As for lithium self discharge is really a moot point. The industry as a whole clearly state self discharge is 1 to 3%, and CALB are not on the high end of that as they are not top quality LFP batteries. But again that is a moot point when the batteries are cycled daily/weekly or frequently. They will never be sitting around long enough for self discharge to amount to anything.


----------



## sabahtom (Mar 1, 2011)

*Difference in voltage under load between pos/neg terminals*

I can connect the 5A load at A or at B, and still keep it across the whole pack.

I see 2.85v at point B under 5A load. At the same time at point A it's 3.56v.

When I remove the load point A is 3.205v and B is 3.208v. 

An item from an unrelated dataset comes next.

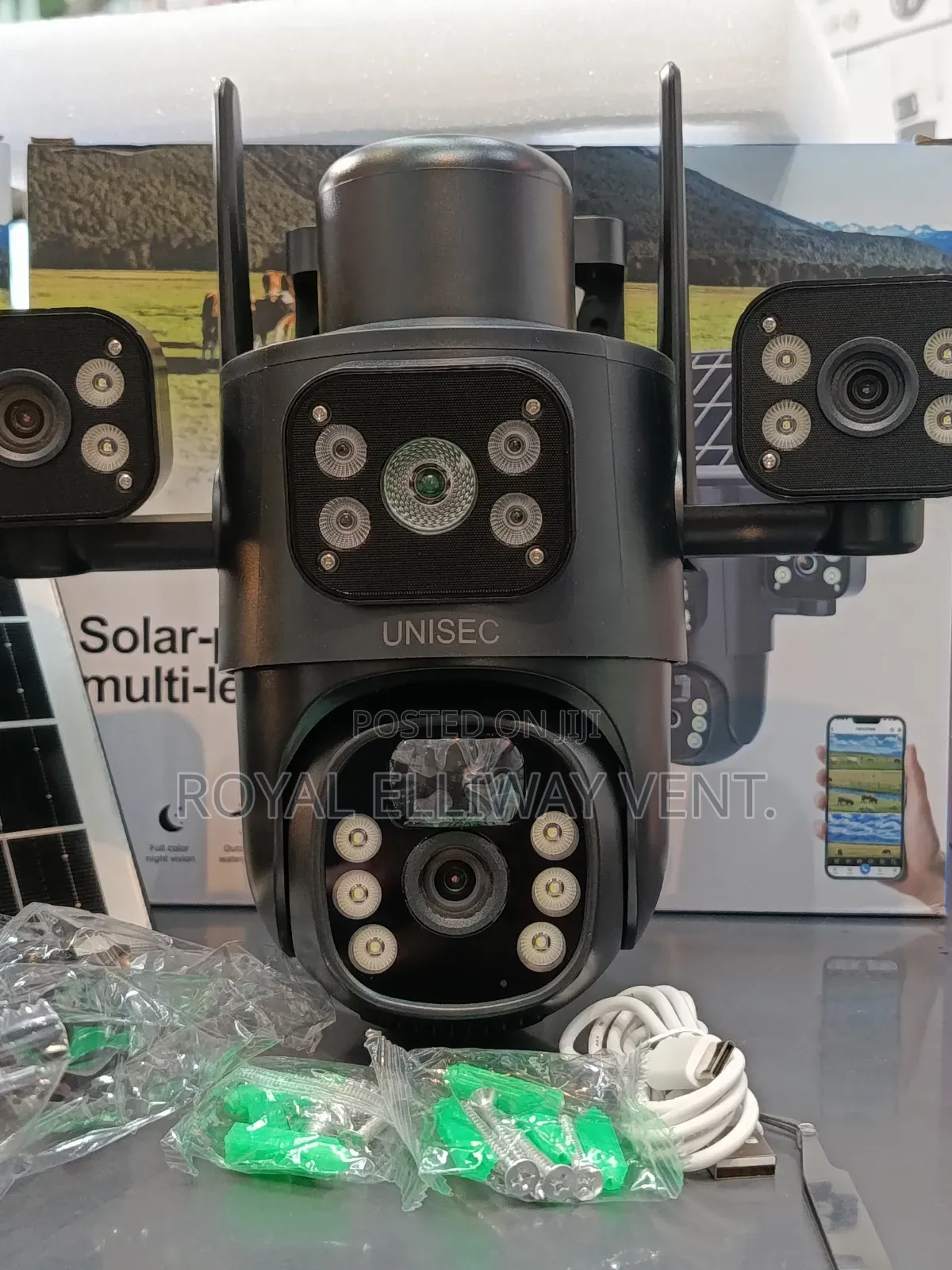 4g 3 Lens Camera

The highest cell in the pack with no load is 3.214 and the lowest is 3.205. There might be some inaccuracy in the measurements there but the interconnects seem good.

Any thoughts appreciated 

Edit: Seems that 2.85v + (3.56-2.85)/2 gives me 3.205v. That's the pack average, and I guess it's not a coincidence if it's that neat.


----------



## Sunking (Aug 10, 2009)

*Re: Difference in voltage under load between pos/neg terminals*



sabahtom said:


> I can connect the 5A load at A or at B, and still keep it across the whole pack.
> 
> I see 2.85v at point B under 5A load. At the same time at point A it's 3.56v.
> 
> ...


Sounds like you have bad connections. Only way possible to have .4 volt difference between batteries in parallel is if you have significant resistance somewhere in the circuit with current flowing.


----------



## sabahtom (Mar 1, 2011)

You're right Sunking. The floor is uneven, causing a few of them to twist and reduce the contact surface.


----------